You can find the whole process well documented here. It works pretty much the same as the manual doing.
talos linux
Just putting that one in here, since I am working with that right now:
In your worker configuration, add the feature gates, you want to en/disable like depicted in their docs here.
Others
For other installation methods, you'll have to consult their respective docs on how to disable kubelet feature gates.
But yes, you could probably also remove this capability, recompile, rebuild the image and patch your deployment, but no guaranty on that.
At this point, I might as well open a PR for this issue. We'll see.
Hope this helps you and you get the driver running correctly. Let me now how it went, I'm invested now 😆
This makes sense, but how would it be accomplished on OpenShift?
Sorry, I don't have any experience in OpenShift
@rblundon for OpenShift problems you really SHOULD ask Red Hat
@schoeppi5 Thank you for your help. I solved it by modifying the source code. I also tried modifying the kubeadm configmap, but it still doesn't work. Looking forward to the new release with your PR. @inductor And thank you too.
@Ryanznoco - I will try reinstalling the CSI driver from your REPO. @inductor - I work for RH, but in sales, not engineering. Pretty sure this wouldn't get any traction as it looks to be na issue with the Synology Driver not doing what it is advertising t=it is capable of doing.
The problem here is that this CSI just declare the capability but it does not do anything to actually implement that like for other CSI. See here an example https://github.com/kubernetes-csi/csi-driver-smb/pull/379/files
We should point into the README about this limitation because more and more k8s clusters and bistro implement nowadays Security Context and those days were everything was running as a root likely and hopefully are gone.
DelegateFSGroupToCSIDriver is enabled by default as of 1.26 since the feature is considered as GA.
I also just upgraded to v1.26.1 and kubelet complained wouldn't allow me to disable the feature gate anymore. This is a pretty major bug which means the CSI driver doesn't work on k8s v1.26 or later.
It's a pretty easy fix. @chihyuwu would you mind cutting a new release please?
hi @vaskozl, Of course! Thanks for letting us know about it! A new version without the RPC_VOLUME_MOUNT_GROUP capability will be released soon to make sure that the plugin is compatible with k8s v1.26. We'll definitely put more emphasis on CSI's flexibility and compatibility in the future as well!
A new version without the RPC_VOLUME_MOUNT_GROUP capability will be released soon to make sure that the plugin is compatible with k8s v1.26.
A new update of synology/synology-csi:latest is available now.
The problem here is that this CSI just declare the capability but it does not do anything to actually implement that like for other CSI. See here an example https://github.com/kubernetes-csi/csi-driver-smb/pull/379/files
In the previous version, we have tried to implement securityContext like the example, but still missed something.
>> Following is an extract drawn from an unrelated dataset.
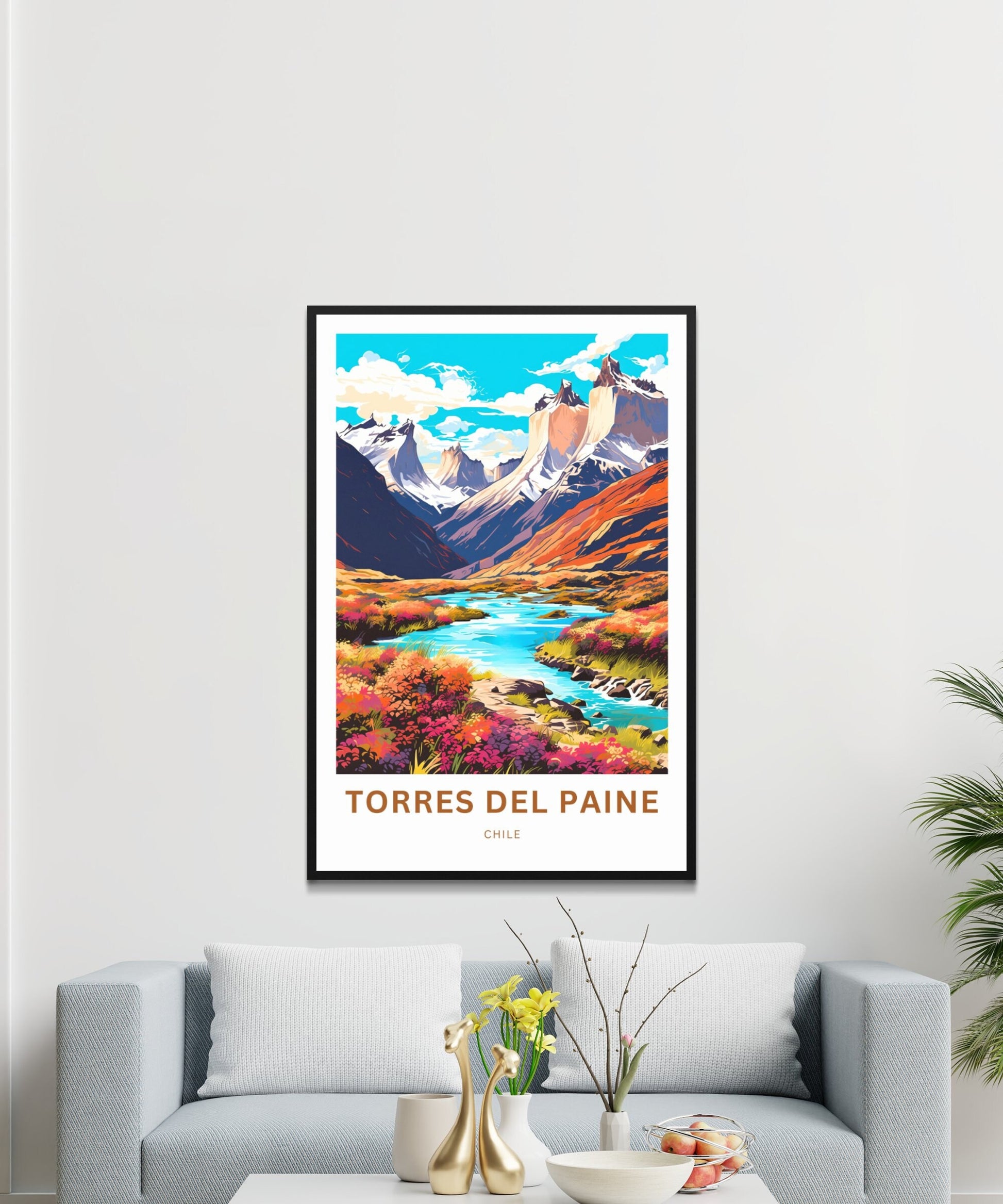 Torres del Paine Travel Print - Torres del Paine poster, Chile Wall Art, Framed present, Gift Chile Present, Customize Your Text - TravelTreasureCo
We'll check and fix it in the future.
@chihyuwu Are you willing to move the image to GitHub instead of Docker Hub? Rate limit can be problematic on some specific environment sharing same outgoing global IP address(es).
When it will be released?
Thanks @schoeppi5 for the detailed description! Adding the K3s instructions for those that might need them until it is resolved:
- add these lines to
/etc/rancher/k3s/config.yaml
:
kubelet-arg:
- feature-gates=DelegateFSGroupToCSIDriver=false
-
systemctl restart k3s
Works for me on K3s v1.25.3.
Works on <=1.25. 1.26 has this flag completely disabled.